Бадди Шилдс выпрямился и чуть отодвинулся от окна машины, и я увидела, как кто-то в черном идет через лужайку Маккуарри, и это был Клэр. Он был не в халате или пижаме, ничего такого, он был полностью одет: рубашка, пиджак и брюки. Он шел прямо к машине, а я сидела в ожидании, что я ему скажу. Он ничуть не изменился. Толстый, спокойный мужчина с заспанной физиономией. Но под его взглядом, его всегдашним добродушным взглядом мне сразу расхотелось плакать или орать. Я могла сколько угодно, до посинения орать и плакать, но его взгляд от этого ничуть бы не изменился, это не заставило бы его встать с постели чуть быстрее или прибавить шагу, проходя через двор.

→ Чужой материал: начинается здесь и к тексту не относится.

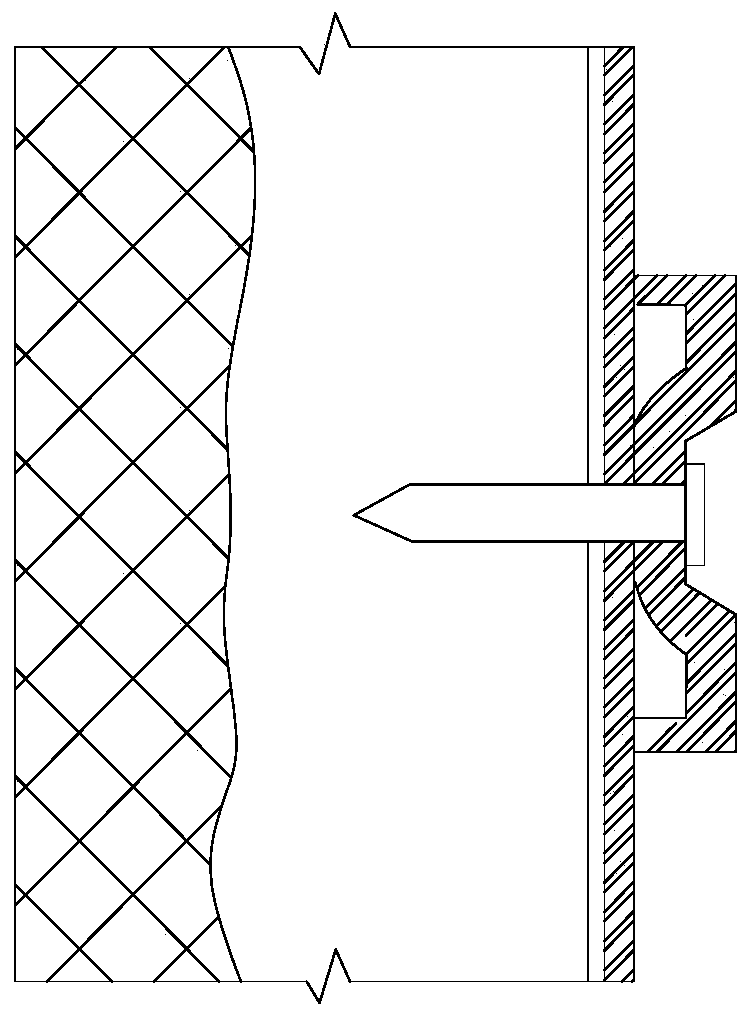 Tunnel waterproof and drainage construction technology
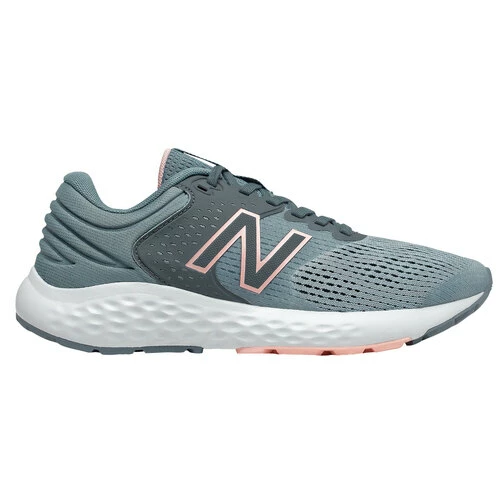 Coupon βοΈ New Balance 520v7 π© Women's Running π Shoes Gray/Pink π₯ 3 Coupon βοΈ New Balance 520v7 π© Women's Running π Shoes Gray/Pink π₯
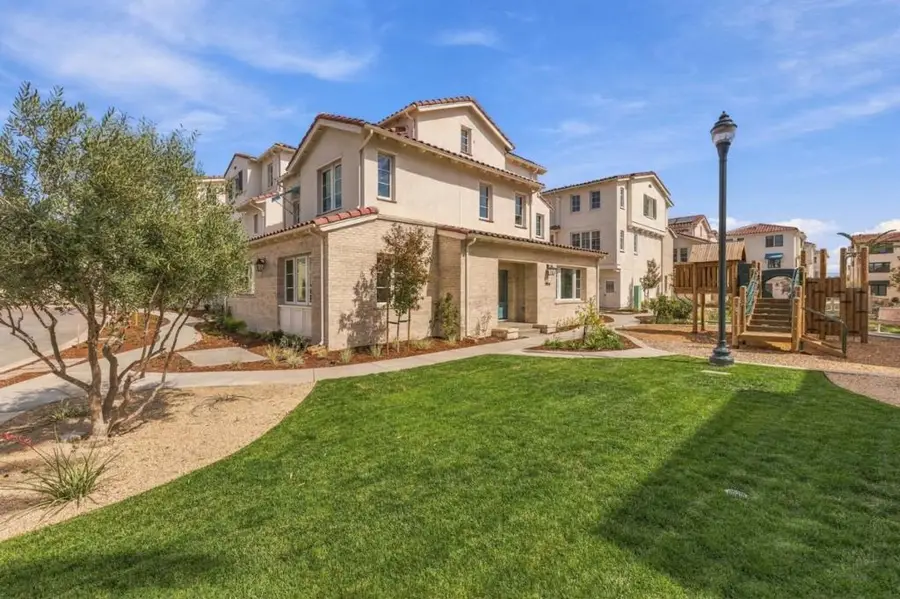5528 Maravilla Way, Newark, CA 94560 - #2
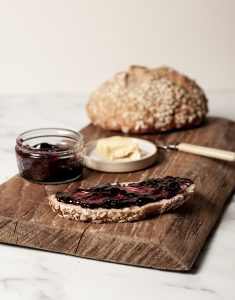 How to Make a Sourdough Starter from Roly Allen, author of How to Raise a Loaf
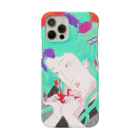 チョモランマリのUKIYOE☆ Smartphone Case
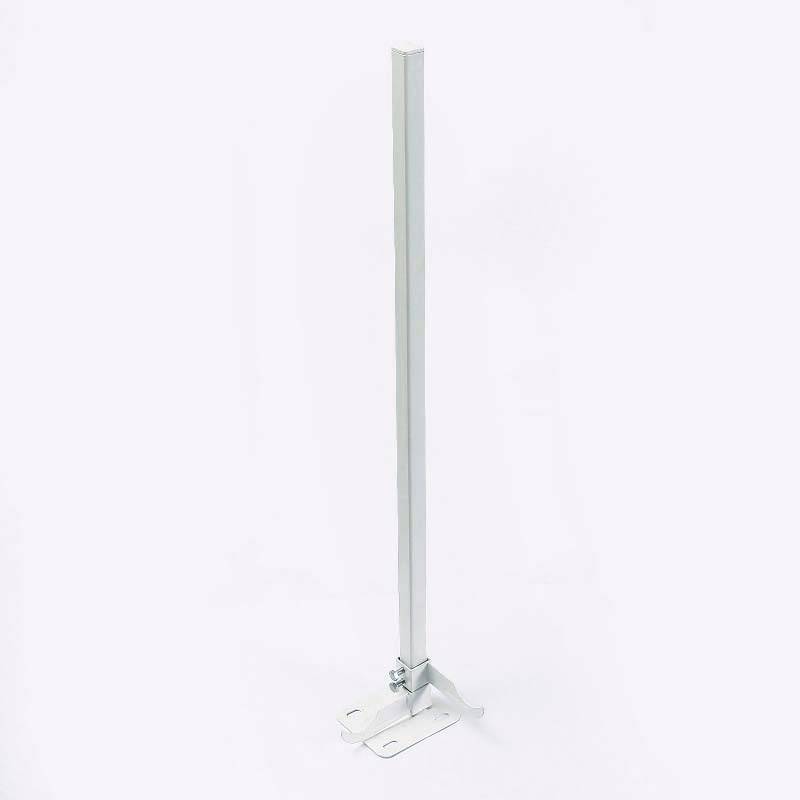 Кронштейн напольный Buderus KH48 BH 300-400/120 для радиаторов тип 20/21/22 KH4850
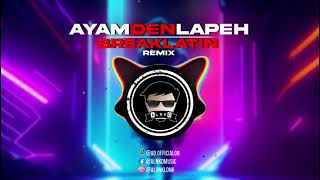 Download lagu Ayam Den Lapeh (ALNKD Remix) Lagu Minang BreakLatin mp3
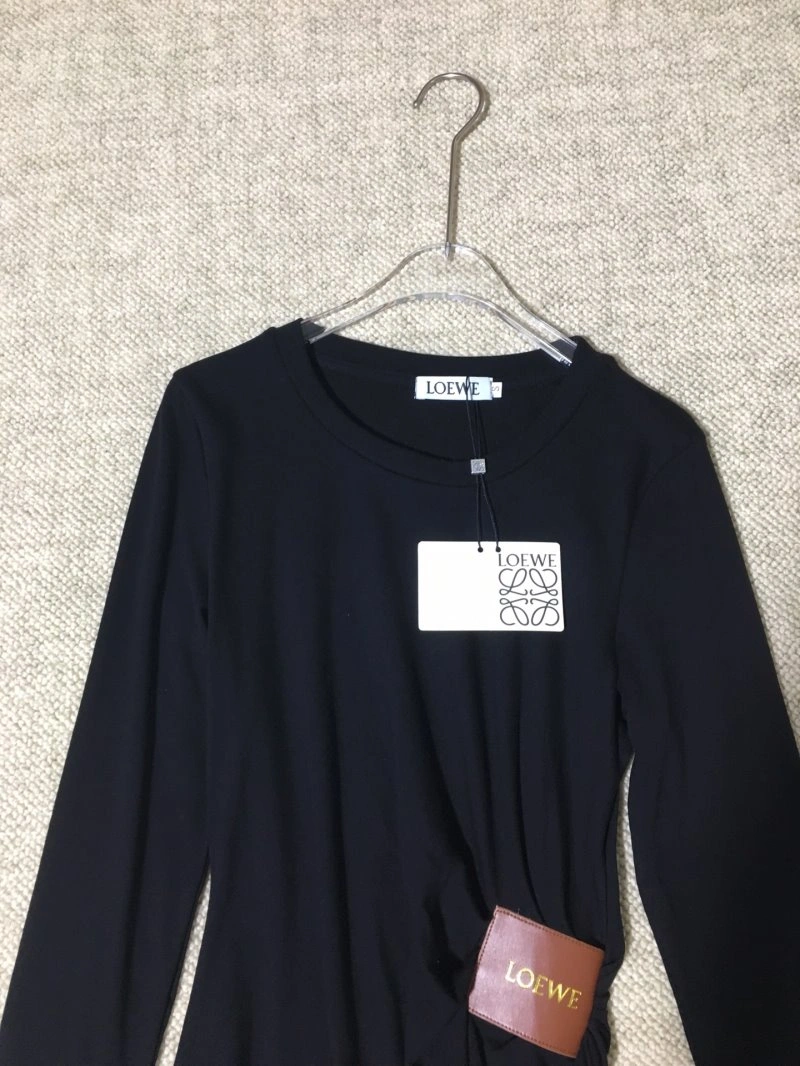 Resilient Loewe T-Shirts 156781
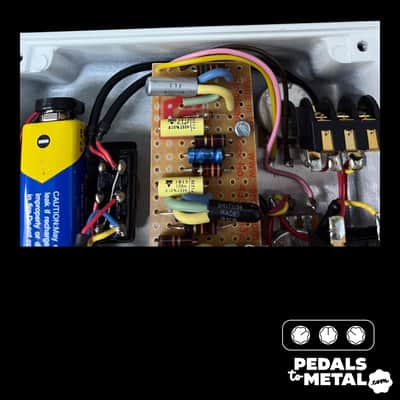 D*A*M Gb-80 Grease Box W/ NKTS and OC75 -x11491 image 10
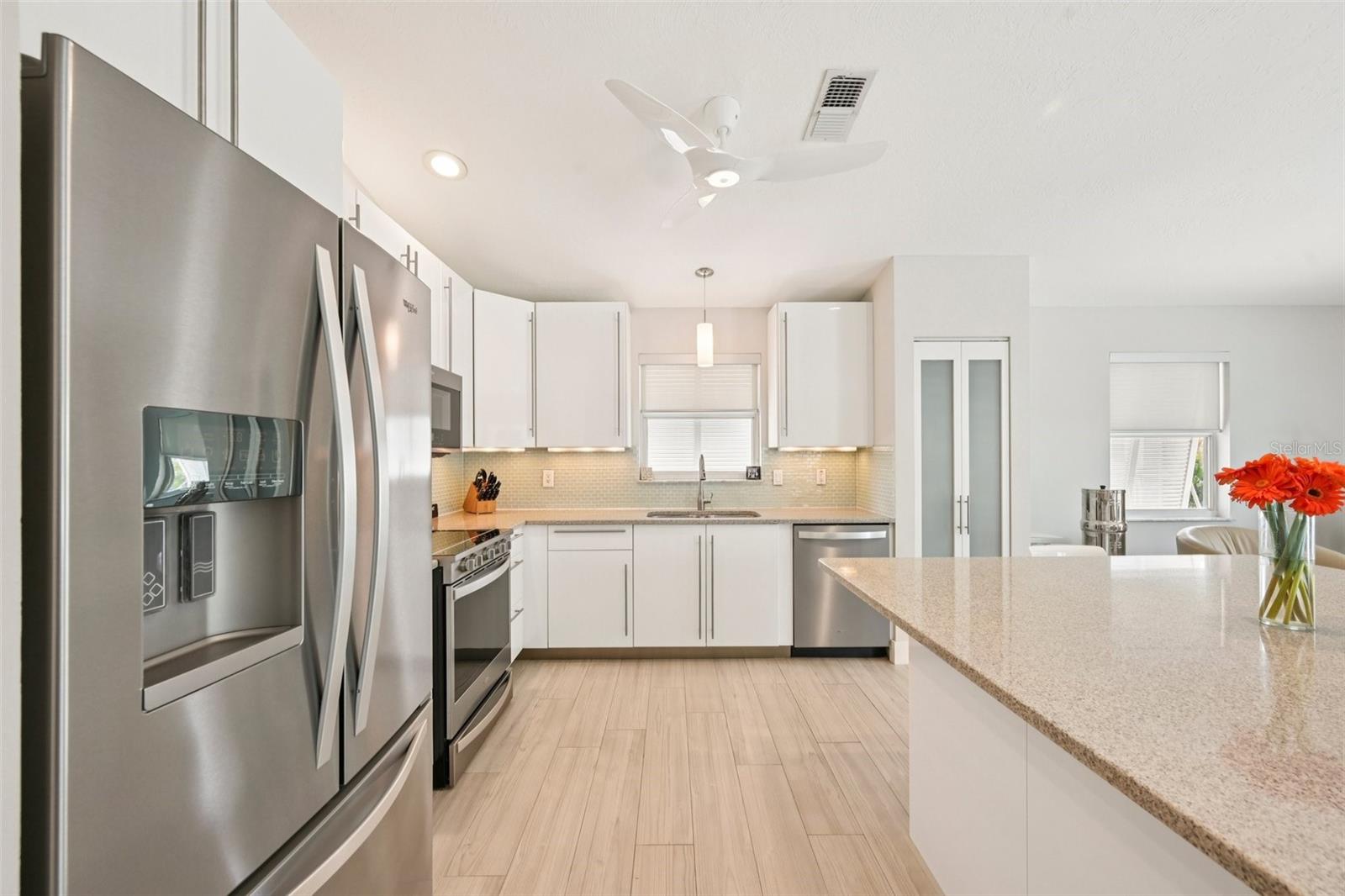 SPORTSMANS HARBOR REV - Residential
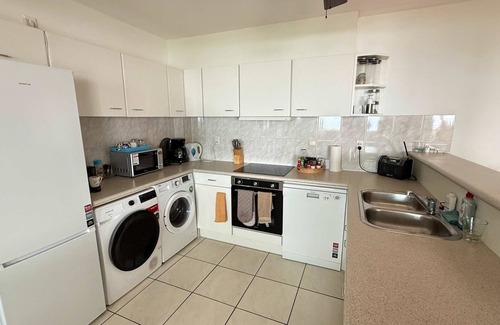 Piscadera Apartment | Vista Piscadera Summa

– Хелен, езжай домой, – сказал он, как будто мы весь вечер просидели с ним перед телевизором и все такое и теперь пора домой, в постельку. – Мамуле большой привет от меня, – прибавил он. – Езжай домой.
И это все, что он хотел сказать. Он посмотрел на Бадди и спросил:
– Вы ее отвезете?
И Бадди сказал, что да. А я смотрела на Клэра Маккуарри и думала: вот человек, который сам по себе. Его не слишком заботило, что я чувствовала, когда он делал то, что он делал, лежа на мне сверху, и ему было почти безразлично, какой гвалт я устроила посреди улицы из-за его женитьбы. Это был человек, который ничего не объяснял, – наверное, у него просто не было объяснений. А если он не мог что-то объяснить, что ж, он просто забывал об этом. Сейчас все соседи глазеют на нас, а назавтра он встретит их на улице и расскажет им какой-нибудь анекдот. А как же я? Наверное, встретив меня на улице как-то раз, он просто спросит: «Как поживаешь, Хелен?» И тоже расскажет мне анекдот. И если бы я по-настоящему задумывалась о том, каков он, Клэр Маккуарри, если бы я хоть раз обратила внимание, я бы совсем иначе вела себя с ним и, может быть, мои чувства к нему были бы иными, но, бог знает, имело бы это хоть какое-то значение в конце концов или нет?